┏━━
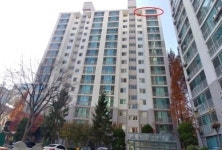 [추천! 경매물건] 서울 성북구 석관동 10 두산아파트 116동 402호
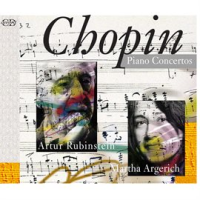 Chopin__Piano_Concertos
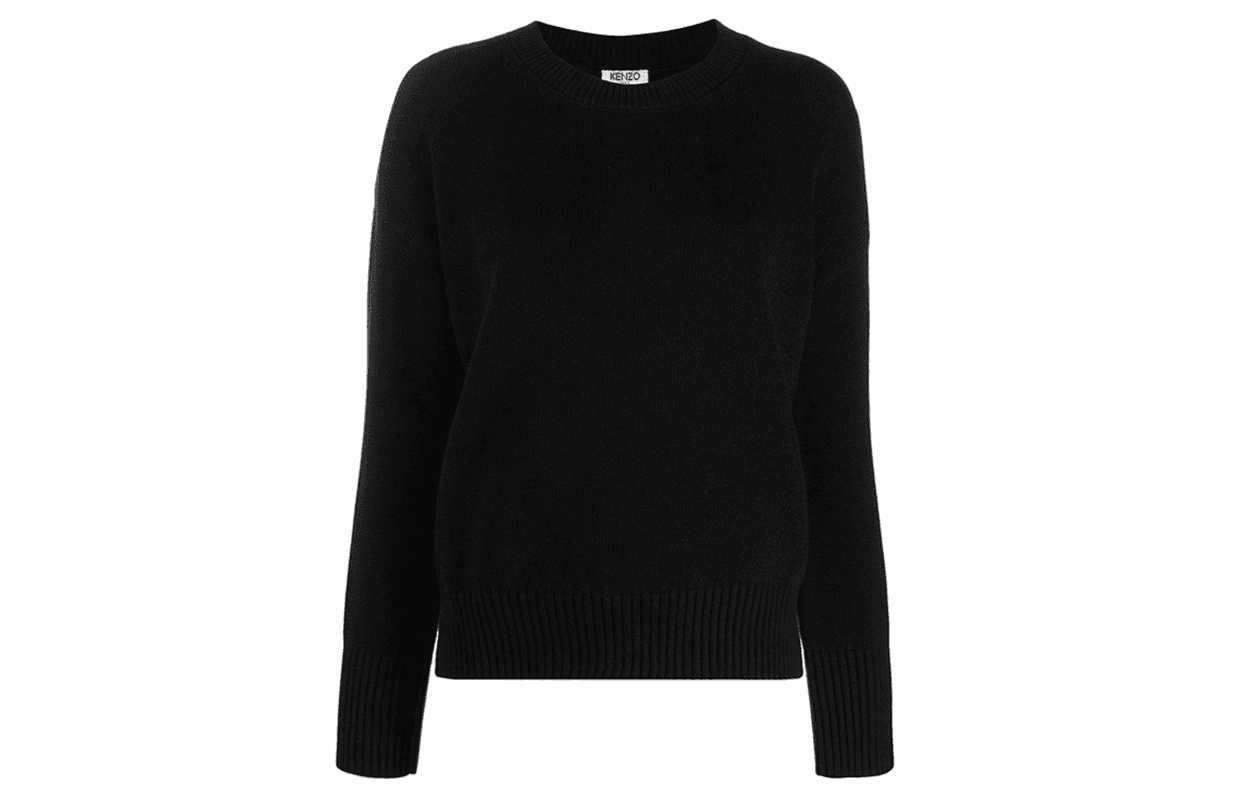 Кардиган KENZO - изображение 1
┗━━
YOUR INSTRUCTIONS =>
Without the pictures, transcribe the listing exactly as it stands.

TASK OUTPUT =>
 [추천! 경매물건] 서울 성북구 석관동 10 두산아파트 116동 402호
 Chopin__Piano_Concertos
 Кардиган KENZO - изображение 1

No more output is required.